**Action item**
Copy out all lines from the material that contain the string "Porsche".

**Supplied records**

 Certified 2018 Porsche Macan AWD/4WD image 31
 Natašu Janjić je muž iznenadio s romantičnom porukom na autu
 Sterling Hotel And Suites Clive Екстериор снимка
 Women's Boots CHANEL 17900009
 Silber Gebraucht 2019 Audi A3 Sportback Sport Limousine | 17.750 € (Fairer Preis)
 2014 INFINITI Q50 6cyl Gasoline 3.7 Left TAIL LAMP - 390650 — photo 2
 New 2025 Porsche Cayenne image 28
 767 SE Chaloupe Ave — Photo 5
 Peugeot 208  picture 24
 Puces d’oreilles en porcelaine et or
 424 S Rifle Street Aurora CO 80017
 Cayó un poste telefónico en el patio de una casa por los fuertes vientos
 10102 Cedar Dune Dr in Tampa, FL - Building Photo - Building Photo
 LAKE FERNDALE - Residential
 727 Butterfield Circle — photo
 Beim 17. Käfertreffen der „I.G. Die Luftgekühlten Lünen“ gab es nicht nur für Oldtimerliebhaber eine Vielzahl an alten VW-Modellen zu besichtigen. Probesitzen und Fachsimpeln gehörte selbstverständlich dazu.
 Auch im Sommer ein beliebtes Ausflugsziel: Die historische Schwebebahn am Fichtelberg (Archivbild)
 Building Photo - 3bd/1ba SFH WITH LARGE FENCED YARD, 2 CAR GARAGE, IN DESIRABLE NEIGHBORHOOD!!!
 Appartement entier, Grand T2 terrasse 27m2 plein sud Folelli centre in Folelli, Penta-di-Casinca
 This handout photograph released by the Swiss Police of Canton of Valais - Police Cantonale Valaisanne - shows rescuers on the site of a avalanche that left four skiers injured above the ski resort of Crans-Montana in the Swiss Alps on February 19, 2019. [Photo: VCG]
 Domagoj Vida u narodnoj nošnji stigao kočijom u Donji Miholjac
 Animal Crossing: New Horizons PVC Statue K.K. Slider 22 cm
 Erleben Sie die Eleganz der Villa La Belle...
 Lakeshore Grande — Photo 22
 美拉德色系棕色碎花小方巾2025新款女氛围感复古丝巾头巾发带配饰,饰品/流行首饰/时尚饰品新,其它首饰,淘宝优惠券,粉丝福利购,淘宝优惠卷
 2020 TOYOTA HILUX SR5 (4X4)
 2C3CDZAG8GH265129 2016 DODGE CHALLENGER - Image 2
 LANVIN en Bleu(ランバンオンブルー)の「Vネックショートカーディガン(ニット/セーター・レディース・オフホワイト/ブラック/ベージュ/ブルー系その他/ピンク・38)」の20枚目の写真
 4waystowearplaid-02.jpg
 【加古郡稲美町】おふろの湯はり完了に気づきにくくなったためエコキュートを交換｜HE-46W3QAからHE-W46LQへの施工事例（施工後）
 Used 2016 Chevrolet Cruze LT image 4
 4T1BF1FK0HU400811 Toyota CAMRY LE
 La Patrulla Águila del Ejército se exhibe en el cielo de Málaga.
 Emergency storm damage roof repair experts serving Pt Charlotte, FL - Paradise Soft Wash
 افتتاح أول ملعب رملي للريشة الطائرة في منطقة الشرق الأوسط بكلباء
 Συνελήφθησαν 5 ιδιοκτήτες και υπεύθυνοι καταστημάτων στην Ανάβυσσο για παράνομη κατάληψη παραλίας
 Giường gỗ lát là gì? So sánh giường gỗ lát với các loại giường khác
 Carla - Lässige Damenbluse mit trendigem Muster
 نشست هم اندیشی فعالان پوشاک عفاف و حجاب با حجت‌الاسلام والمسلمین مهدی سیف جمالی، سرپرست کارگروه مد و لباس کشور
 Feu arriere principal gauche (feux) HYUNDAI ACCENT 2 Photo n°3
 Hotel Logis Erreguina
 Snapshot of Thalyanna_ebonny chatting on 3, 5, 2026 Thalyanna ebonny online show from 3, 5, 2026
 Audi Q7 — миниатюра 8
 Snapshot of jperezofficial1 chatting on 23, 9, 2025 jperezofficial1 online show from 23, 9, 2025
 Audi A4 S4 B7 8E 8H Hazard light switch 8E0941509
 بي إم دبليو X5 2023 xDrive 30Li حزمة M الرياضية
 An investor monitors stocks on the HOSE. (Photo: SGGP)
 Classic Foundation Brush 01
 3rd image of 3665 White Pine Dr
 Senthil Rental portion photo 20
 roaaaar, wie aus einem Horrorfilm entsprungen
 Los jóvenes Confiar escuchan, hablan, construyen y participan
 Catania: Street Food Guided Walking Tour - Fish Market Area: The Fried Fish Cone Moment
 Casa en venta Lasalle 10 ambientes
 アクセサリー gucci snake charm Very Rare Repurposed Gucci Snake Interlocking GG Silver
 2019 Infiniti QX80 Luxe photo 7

**Output**
 Certified 2018 Porsche Macan AWD/4WD image 31
 New 2025 Porsche Cayenne image 28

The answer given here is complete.